Demo: Track Use of Sentiment Analysis Code
Contents
9.4.3. Demo: Track Use of Sentiment Analysis Code#
In this code demo, we will take the sentiment analysis code we used in the last chapter (Data Mining), and we will turn it into a function which will make it easier to use.
After turning it into a function though, we will add code to that function to track how it is used. We could theoretically take this information we are tracking and send to results to some other account.
This sort of tracking can be part of tracking program telemetry, which can be useful in figure out where software is broken or where it is most or least useful. But it can also be violating the privacy of anyone using our funtion who doesn’t know we are tracking its use, or used maliciously to steal user information.
Reddit PRAW Setup#
import praw
(optional) use the fake version of Reddit praw, so you don’t have to use real Reddit developer access passwords
%run ../../fake_apis/fake_praw.ipynb
# Load all your developer access passwords into Python
# TODO: Put your reddit username, password, and special developer access passwords below:
username="fake_reddit_username"
password="sa@#4*fdf_fake_password_$%DSG#%DG"

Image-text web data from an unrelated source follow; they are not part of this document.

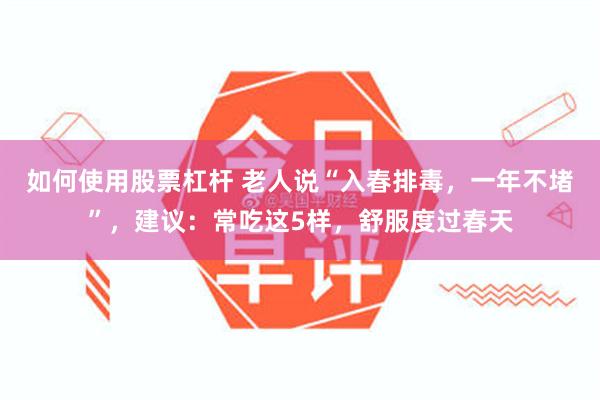 如何使用股票杠杆 老人说“入春排毒，一年不堵”，建议：常吃这5样，舒服度过春天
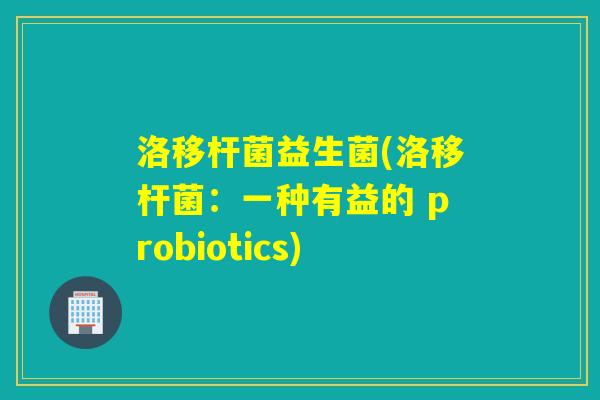 洛移杆菌益生菌(洛移杆菌：一种有益的 probiotics)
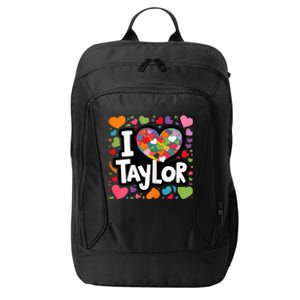 Heart My Name Is Taylor First Name I Love Taylor City Backpack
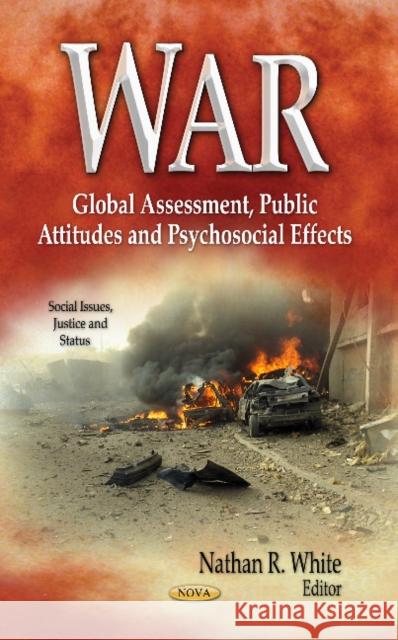 War: Global Assessment, Public Attitudes & Psychosocial Effects Nathan R White 9781626181991 Nova Science Publishers Inc - książka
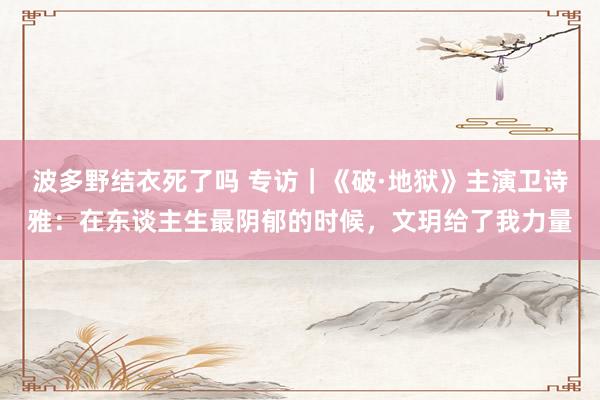 波多野结衣死了吗 专访｜《破·地狱》主演卫诗雅：在东谈主生最阴郁的时候，文玥给了我力量
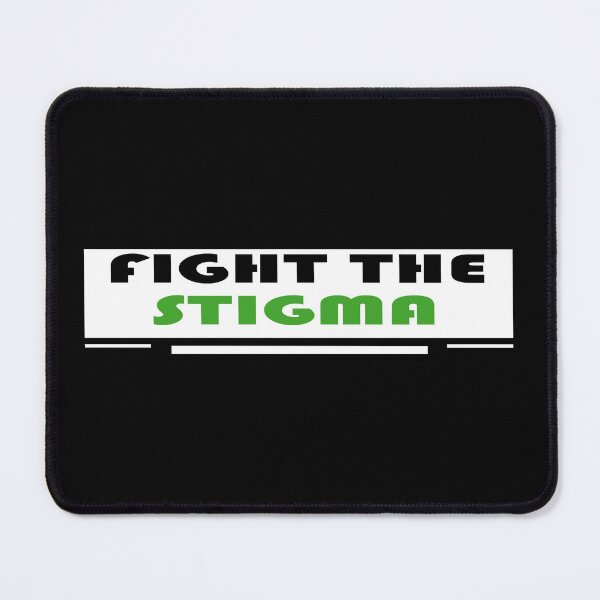 Item preview, FIGHT THE STIGMA designed and sold by DKMarcaz.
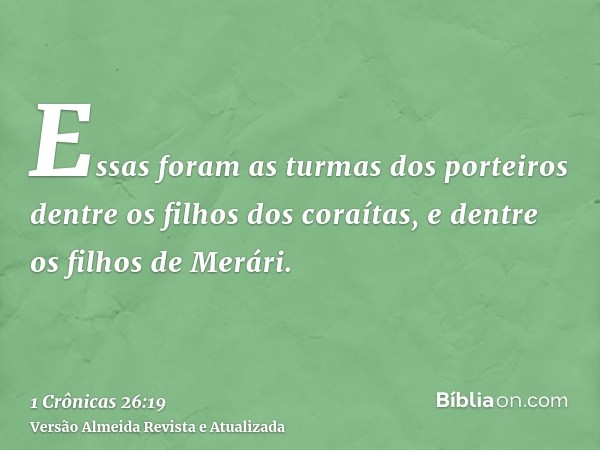 Essas foram as turmas dos porteiros dentre os filhos dos coraítas, e dentre os filhos de Merári.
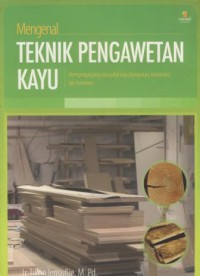 Image of Mengenal teknik pengawetan kayu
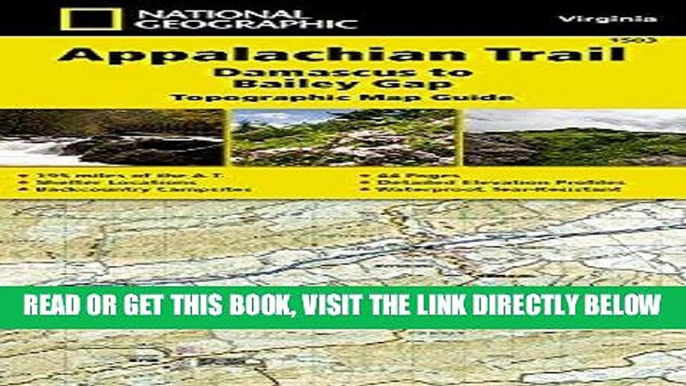 [READ] EBOOK Appalachian Trail, Damascus to Bailey Gap [Virginia] (National Geographic Trails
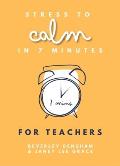 Stress to Calm in 7 Minutes for Teachers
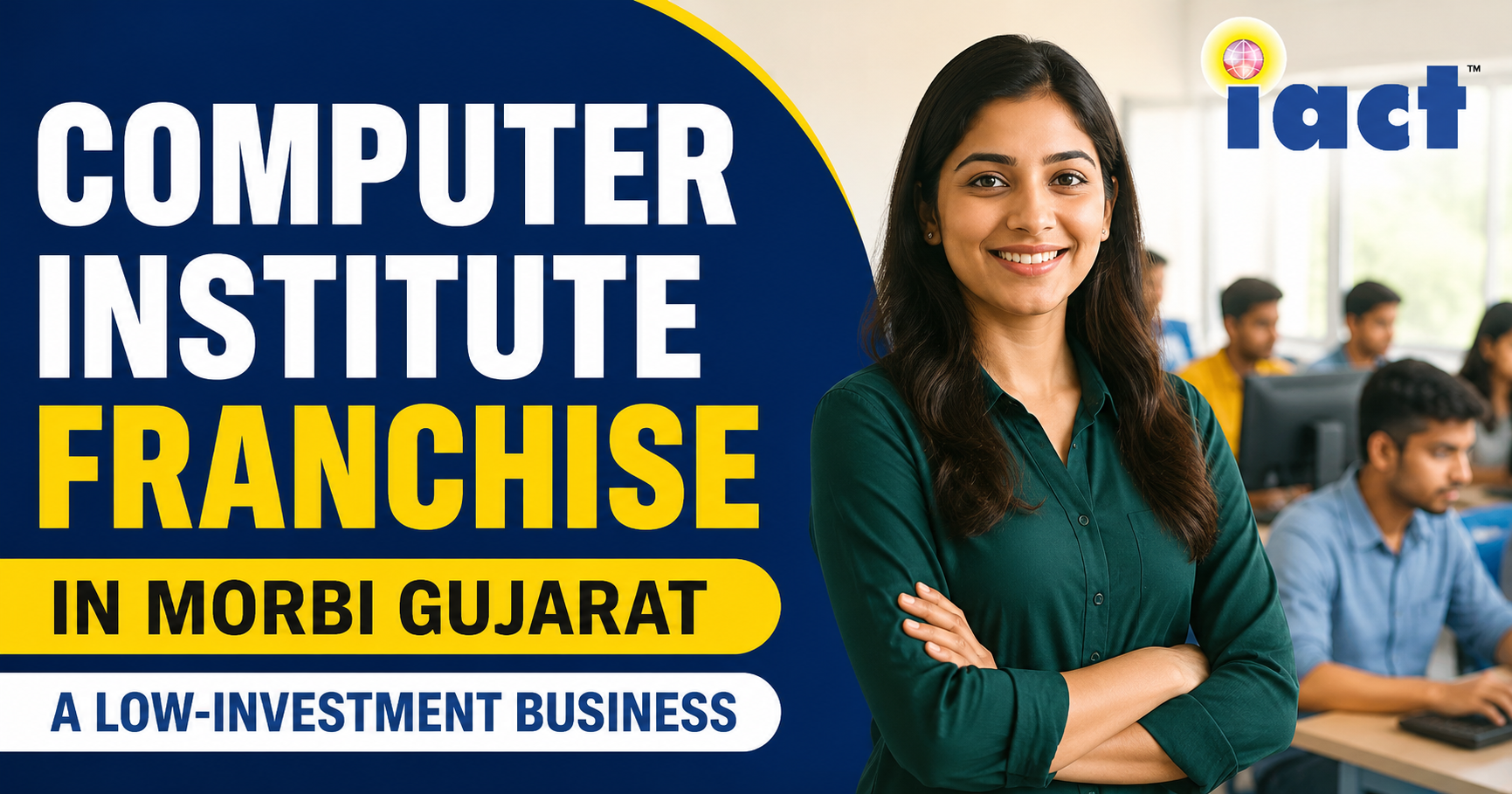 Computer Institute Franchise in Morbi Gujarat | A Low-Investment Business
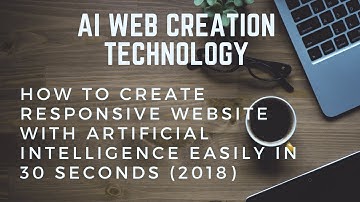 How to Create Responsive Website with AI Easily in 30 Seconds (2018) | Website Creation | English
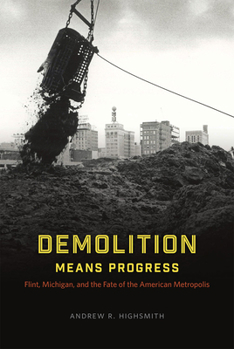 Paperback Demolition Means Progress: Flint, Michigan, and the Fate of the American Metropolis Book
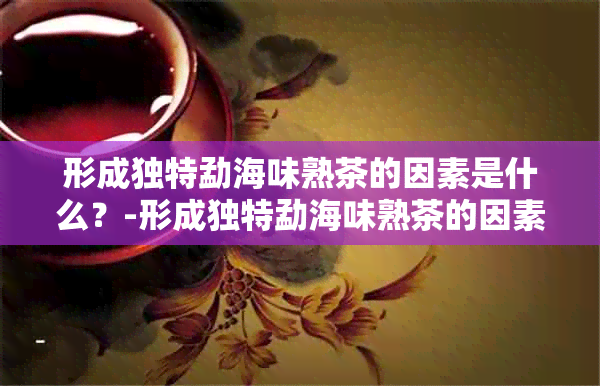 形成独特勐海味熟茶的因素是什么？-形成独特勐海味熟茶的因素是什么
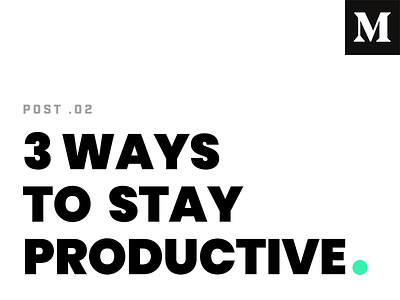3 Ways To Stay Productive - Medium article design medium productivity work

client_id="45adf$TW_fake_client_id_JESdsg1O"
client_secret="56sd_fake_client_secret_%Yh%"
# Give the praw code your reddit account info so
# it can perform reddit actions
reddit = praw.Reddit(
username=username, password=password,
client_id=client_id, client_secret=client_secret,
user_agent="a custom python script"
)
load sentiment analysis library and make analyzer#
import nltk
nltk.download(["vader_lexicon"])
from nltk.sentiment import SentimentIntensityAnalyzer
sia = SentimentIntensityAnalyzer()
[nltk_data] Downloading package vader_lexicon to
[nltk_data] C:\Users\kmthayer\AppData\Roaming\nltk_data...
[nltk_data] Package vader_lexicon is already up-to-date!
original code to loop through submissions, finding average sentiment#
This is the code from chapter 8 that loops through submissions in the “cuteanimals” subreddit and calculates the average sentiment
num_submissions = 0
total_sentiment = 0
# Look up the subreddit "cuteanimals", then find the "hot" list, getting up to 10 submission
submissions = reddit.subreddit("cuteanimals").hot(limit=10)
# Turn the submission results into a Python List
submissions_list = list(submissions)
for submission in submissions_list:
#calculate sentiment
submission_sentiment = sia.polarity_scores(submission.title)["compound"]
num_submissions += 1
total_sentiment += submission_sentiment
print("Sentiment: " + str(submission_sentiment))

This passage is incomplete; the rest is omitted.